Some locals believe that Annie Fellows Johnston’s model for “Green Acres” was Tanglewood. Others think the house might have been the property marked “Tower Hill” on the Little Colonel game board. The description of the house itself – “a real picture-book sort of house, with its low gables and quaint casement windows” – is only partially applicable to Tanglewood. The location – “just across the road from Oaklea” – applies equally well to both. Tanglewood’s current owners say a creek runs through the property several places at the bottom of a hill and that in the 1950s, there were remnants of an old orchard near the creek, just as Mary Ware Tremont described in her “Good Times Book.” However, Annie Fellows Johnston also wrote that a single family – the Wyckcliffes – had owned Green Acres for three generations. Tanglewood, as you will learn from the history of the house, changed hands many, many times.

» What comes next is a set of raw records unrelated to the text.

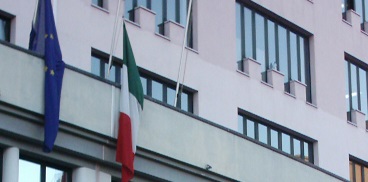 Palazzo Rosa, via Monte Grappa, esterno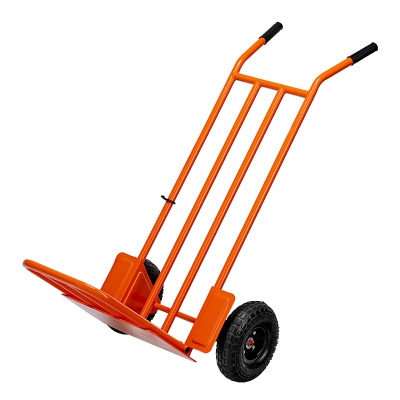 Тележка ручная 2-х колесная, усиленная, г/п 250кг, откидная платформа 530х400мм Сибртех по ценам производителя в Краснодаре с доставкой по всей России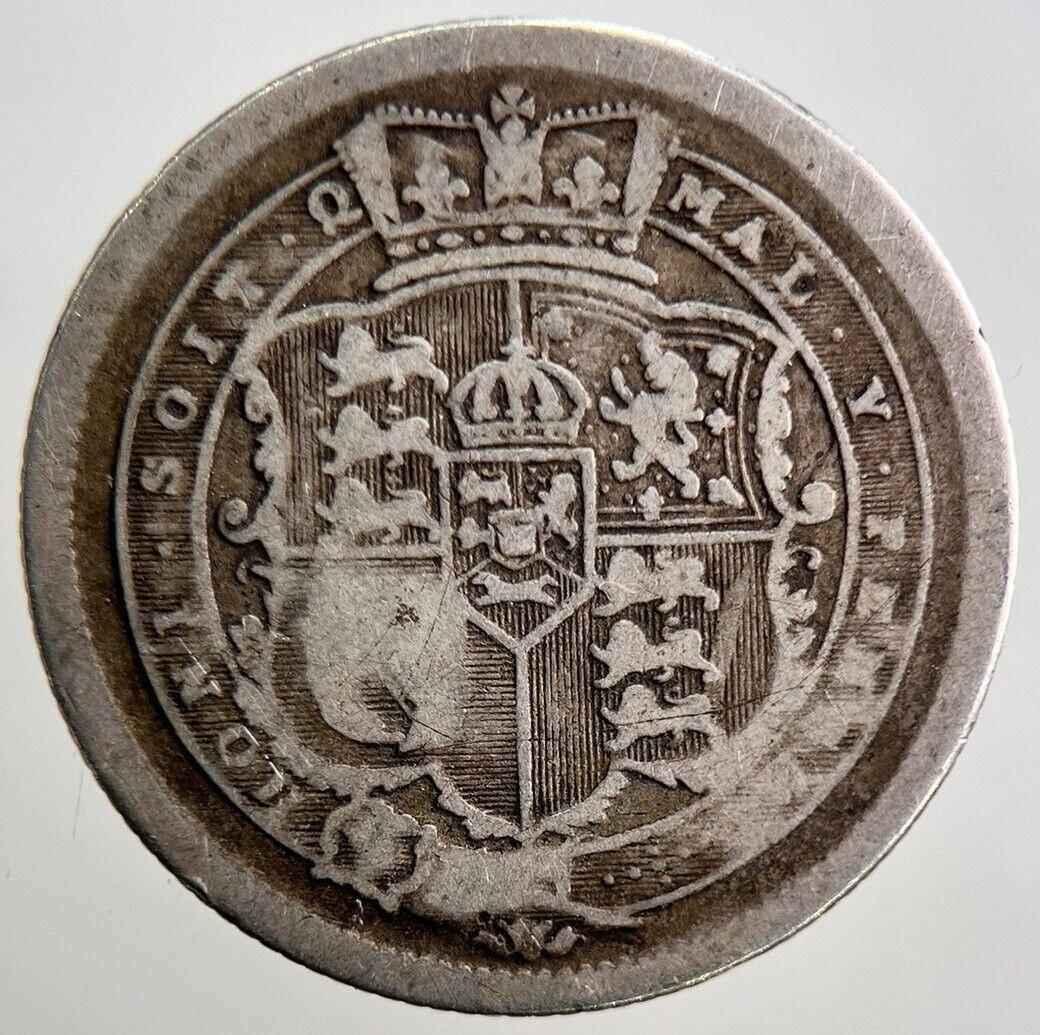 1817 George III Shilling Silver Coin | Collectable Grade | a2907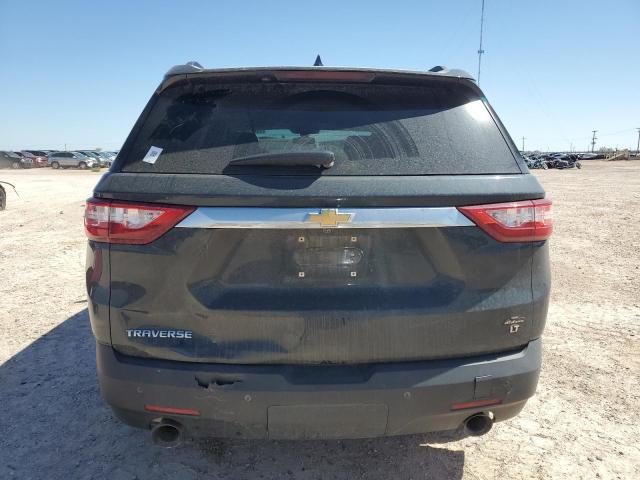 1GNERGKW2LJ119244 - 2020 CHEVROLET TRAVERSE LT GRAY photo 6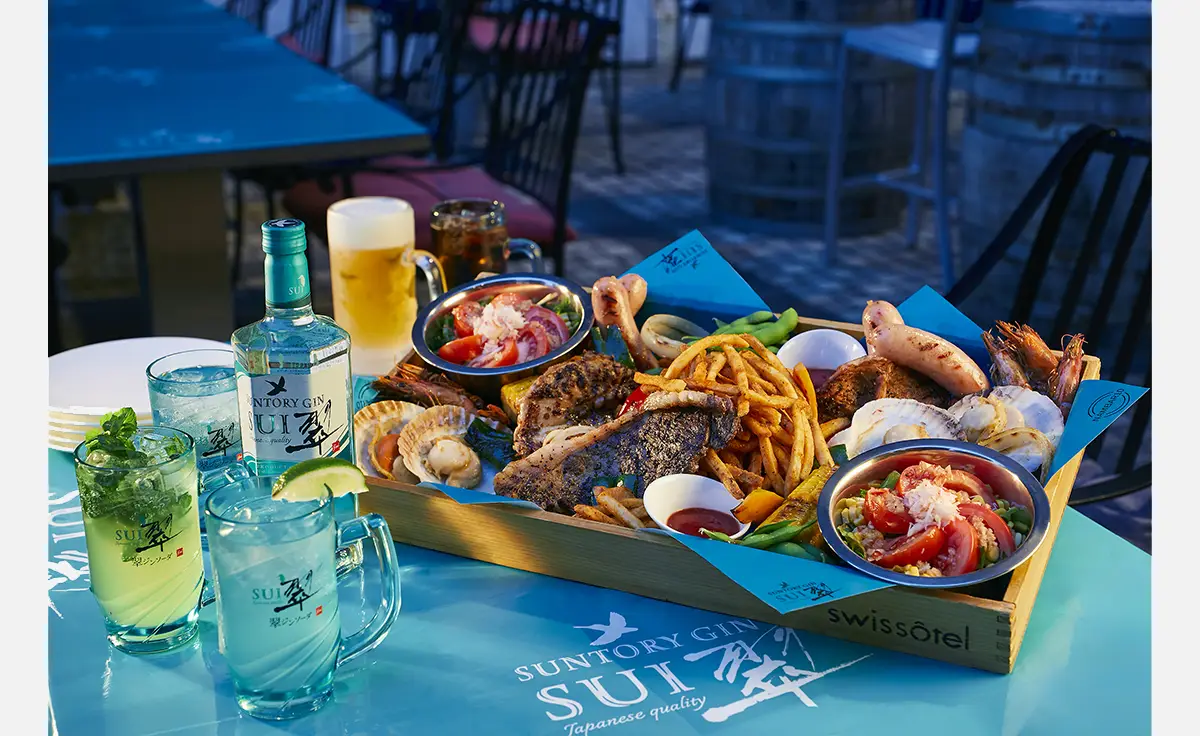 「スイスホテル南海大阪」でビアガーデンがオープン！　9/28まで開催中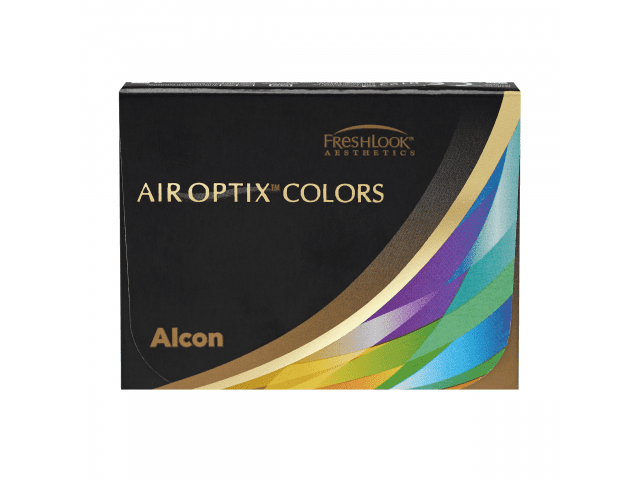 Air Optix® Colors - Зеленo (Green) - 1 леща Дишащи цветни контактни лещи (1 брой)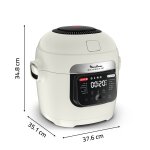 Multicuiseur + airfryer mz7301f0 moulinex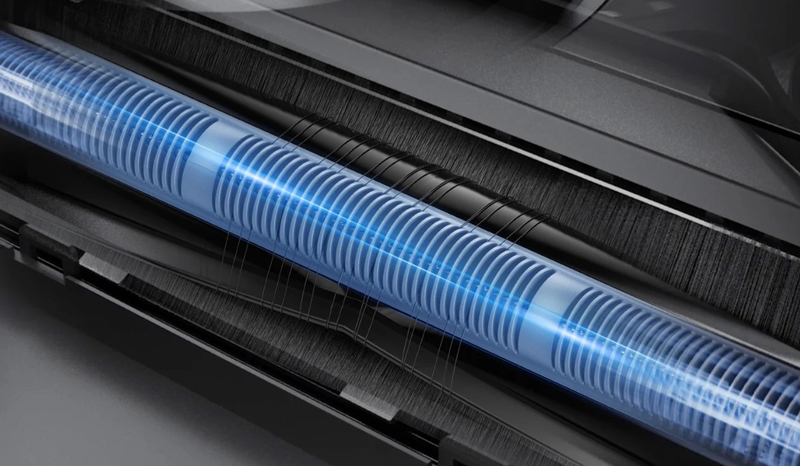 chổi chính Tricut tự động cắt tóc chống rối hình 2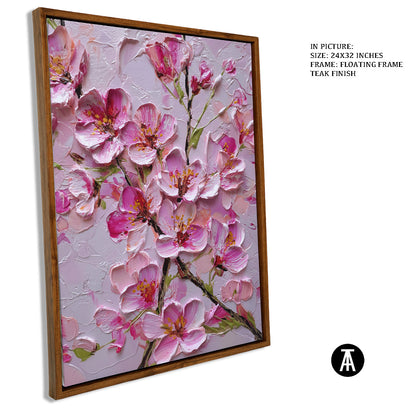 Artwork in Floating Frame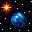 Icon Nr. 48552 (32 x 32 px, 256 Farben): Space (Kategorie Fantasy und SciFi) Space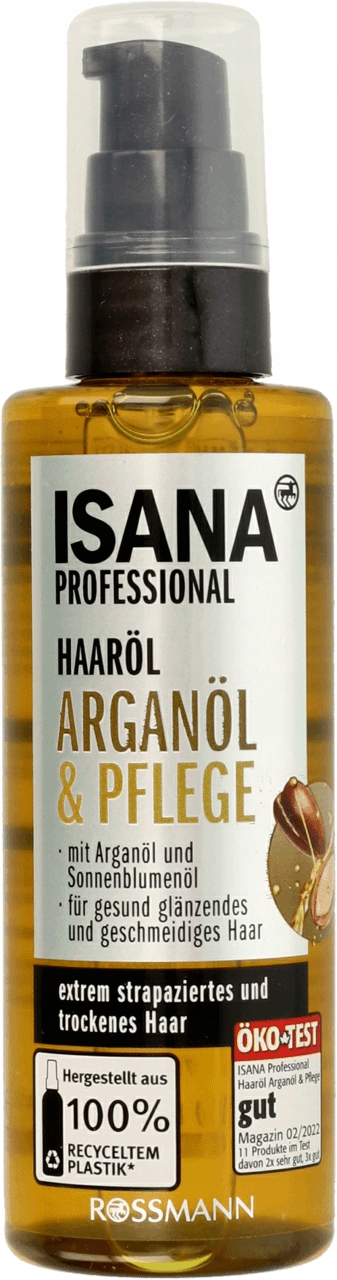 isana hair professional olejek do włosów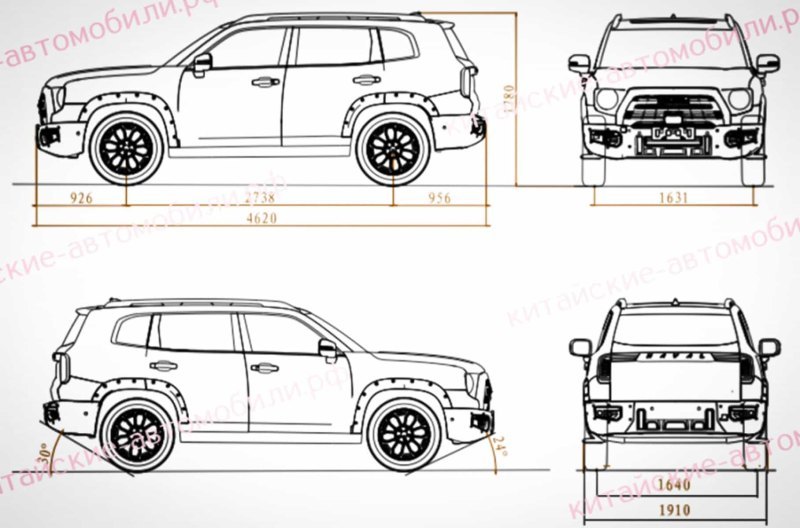 Фото: Китайские автомобили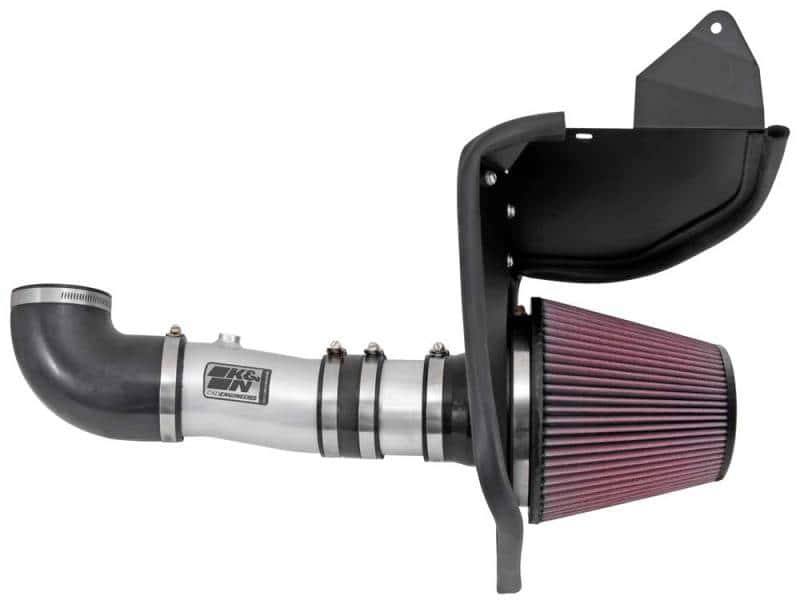 K&N Engineering — K&N 08-11 Typhoon, Cadillac CTS 3.6L,  3.6L  69 Series Typhoon Perf Intake Kit
Performance Air Inta
Air Intake System - view 10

It seems odd that Johnston wouldn’t have called the house Tanglewood, since she mentioned it by name in many of her previous books; however, she was not above reusing and renaming models for her stories. Good examples include the Lawtons, who started out as the Dudleys in “Two Little Knights of Kentucky” and became the Waltons in “The Little Colonel’s Holidays.” Louise Cleland also appears in the books twice, first as Mrs. Clelling in “The Little Colonel at Boarding-School” and in later stories, as Mrs. Bisbee.

We’re reserving our opinion about the real-life model for Green Acres until we complete the research on Tower Hill. But in the meantime, rest assured that this house was indeed the Tanglewood of the “Little Colonel” stories. And though a century has passed since “The Little Colonel’s Knight Comes Riding” was published, pink lilies of the valley still perfume its wooded grounds when spring comes to the Valley.

 
Tanglewood
A side view of Tanglewood from St. James Episcopal Church. This is the view of the house Lloyd Sherman
and Malcolm McIntyre would have glimpsed from the stile — minus the new red brick addition on the back.